Additionally, these factors may affect the liquidity of our common shares, which may hurt your ability to sell our common shares in the future. In addition, the stock market in general has recently experienced extreme price and volume fluctuations that have often been unrelated or disproportionate to the operating performance of individual companies. Broad market and industry factors may materially affect the market price of companies’ stock, including ours, regardless of actual operating performance.

Our common shares may be involuntarily delisted from trading on The Nasdaq Capital Market if we fail to comply with the continued listing requirements. A delisting of our common shares is likely to reduce the liquidity of our common shares and may inhibit or preclude our ability to raise additional financing.
We are required to comply with certain Nasdaq continued listing requirements, including a series of financial tests relating to shareholder equity, market value of listed securities and number of market makers and shareholders. If we fail to maintain compliance with any of those requirements, our common shares could be delisted from The Nasdaq Capital Market.

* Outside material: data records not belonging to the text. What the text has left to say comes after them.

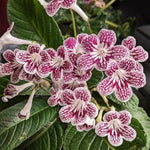 Cherry Ice Streptocarpus Lady Slipper Plants in 3.25 Inch Pot, Live Flowering Houseplant for Patio, Containers and Indoor Gardening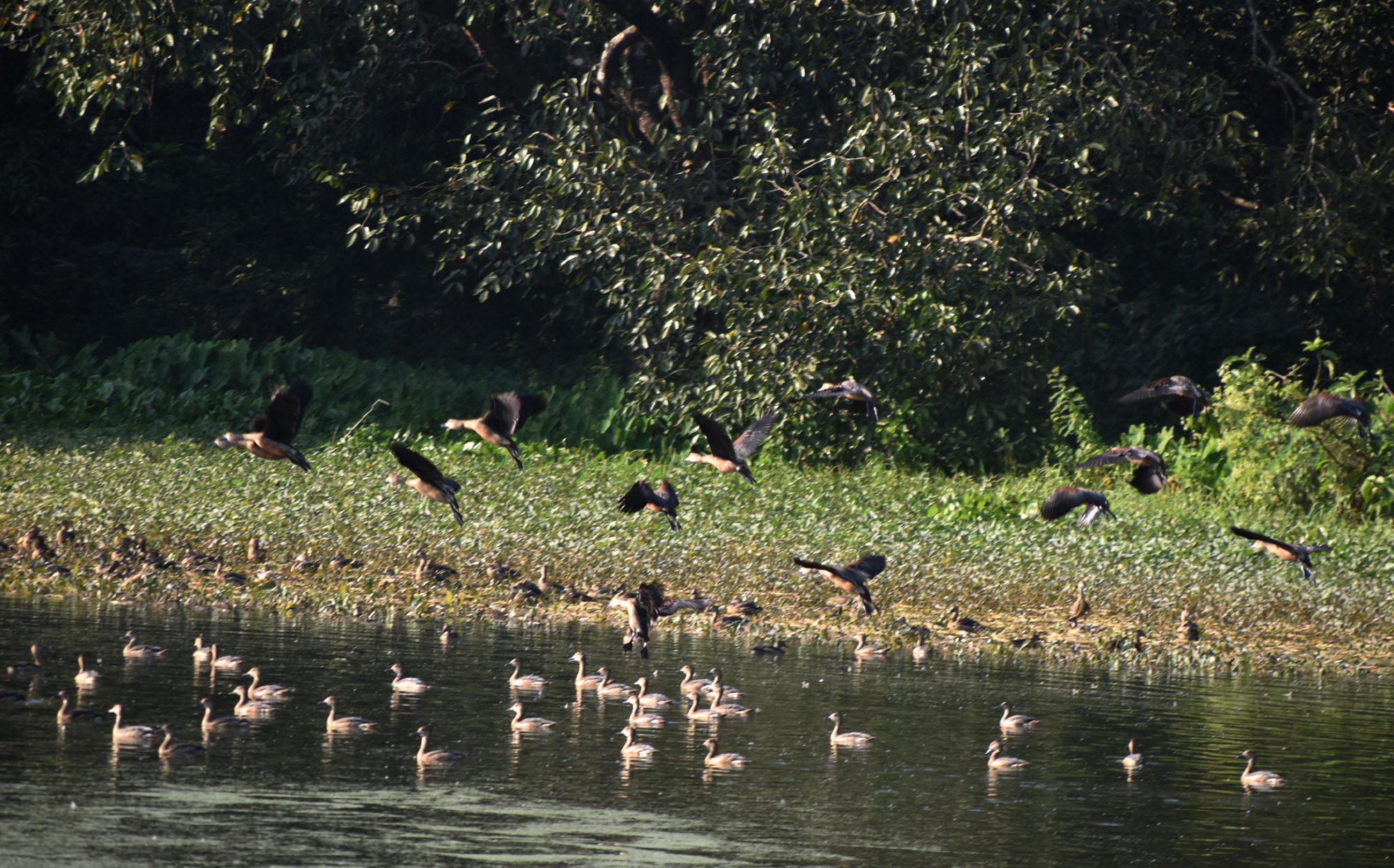 প্রাকৃতিক সৌন্দর্যে ভরা রাজশাহী বিশ্ববিদ্যালয় ক্যাম্পাসে বসেছে অতিথি পাখির মেলা। পুকুরসহ ক্যাম্পাসের বেশ কয়েকটি জলাশয়ে আসর বসিয়েছে তারা।  প্রতিবছর শীতের সময় সুদূর সাইবেরিয়া বা পশ্চিম ইউরোপের শীতপ্রধান দেশগুলো থেকে অতিথি পাখিরা উড়ে আসে এখানে। এখানকার জলাশয়গুলো হয়ে ওঠে অতিথি পাখির নিরাপদ আশ্রয়কেন্দ্র। পাখিদের আগমনে ক্যাম্পাসের সৌন্দর্য আরও কয়েক গুণ বেড়ে যায়। ছবিটি রাজশাহী বিশ্ববিদ্যালয়ের রোকেয়া হলের পাশে পুকুর থেকে তোলা। ছবি: মিলন শেখ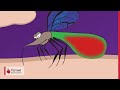 Mechanism Of A Mosquito Bite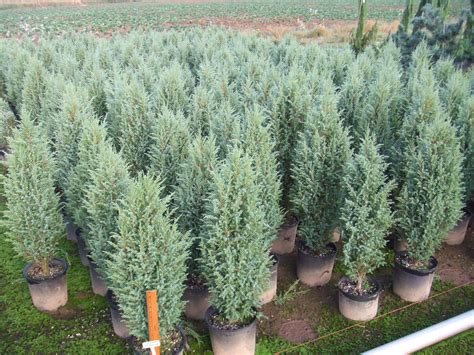 Dwarf Skyrocket Juniper Juniperus communis 'compressa' | Plants, Juniperus communis, Garden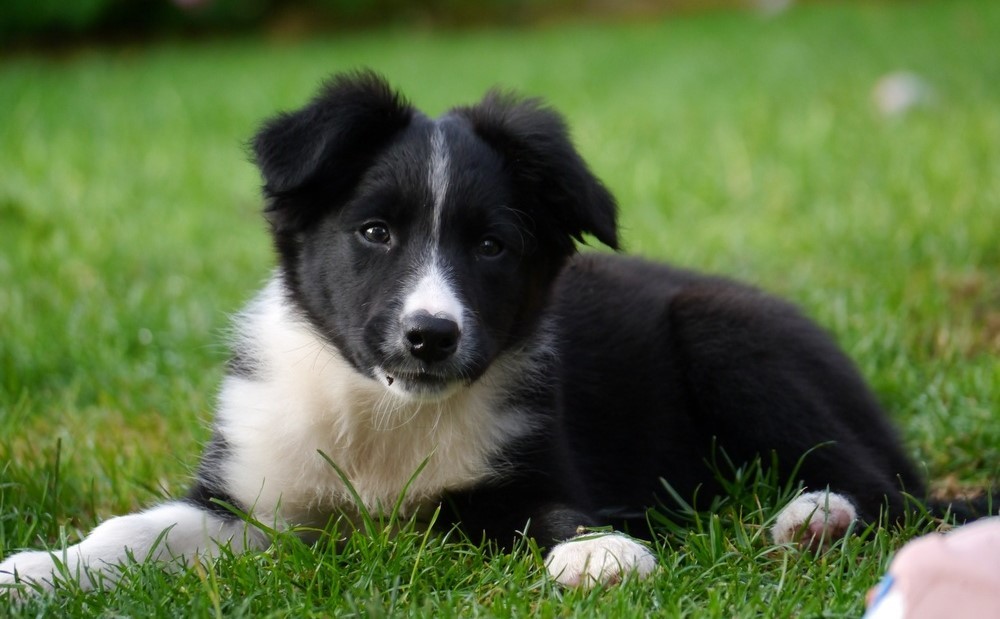 Border collie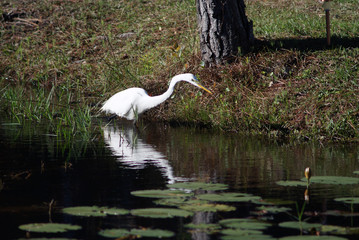 Obraz premium An egret looking for food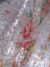 Purple and orange tulle fabric adorned with floral embroidery - Image 4
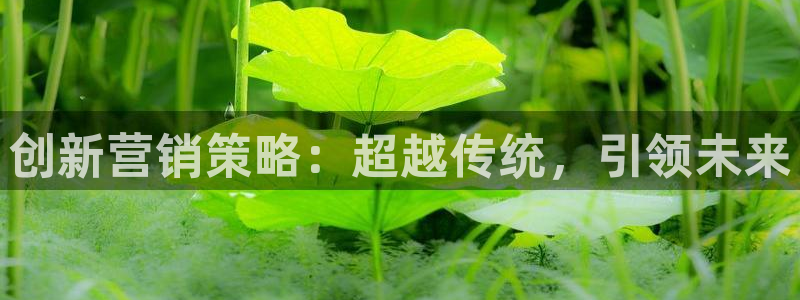 必赢app安卓版下载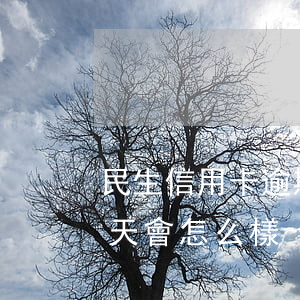 民生信用卡逾期2期賬單(民生信用卡逾期兩天會怎么樣)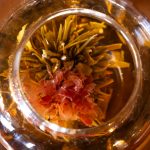 La fioritura dei blooming teas nella teiera in vetro Florian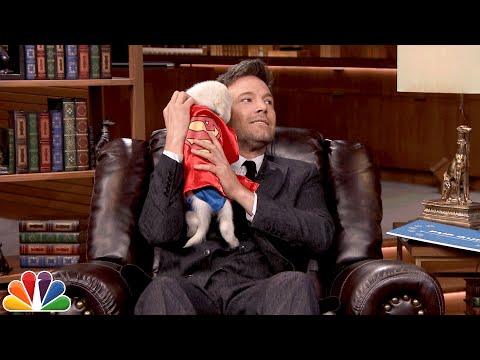 Pup Quiz with Ben Affleck - UC8-Th83bH_thdKZDJCrn88g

We are currently not in compliance with the quantitative listing standards of the Nasdaq Capital Market, which require, among other things, that listed companies maintain a minimum closing bid price of $1.00 per share. We failed to satisfy this threshold for 30 consecutive trading days and on July 30, 2018, we received a letter from Nasdaq indicating that we had been provided a period of 180 calendar days, or until January 28, 2019, to regain compliance. We did not regain compliance within the 180 days.
On February 6, 2019, we received a letter from Nasdaq stating that due to our continued non-compliance with the minimum $1.00 bid price requirement, our common shares were subject to delisting unless we timely requested a hearing before the Nasdaq Hearings Panel. We timely requested such a hearing on February 8, 2019, which request has stayed any delisting or suspension action by Nasdaq pending the hearing and the expiration of any additional extension period granted following the hearing.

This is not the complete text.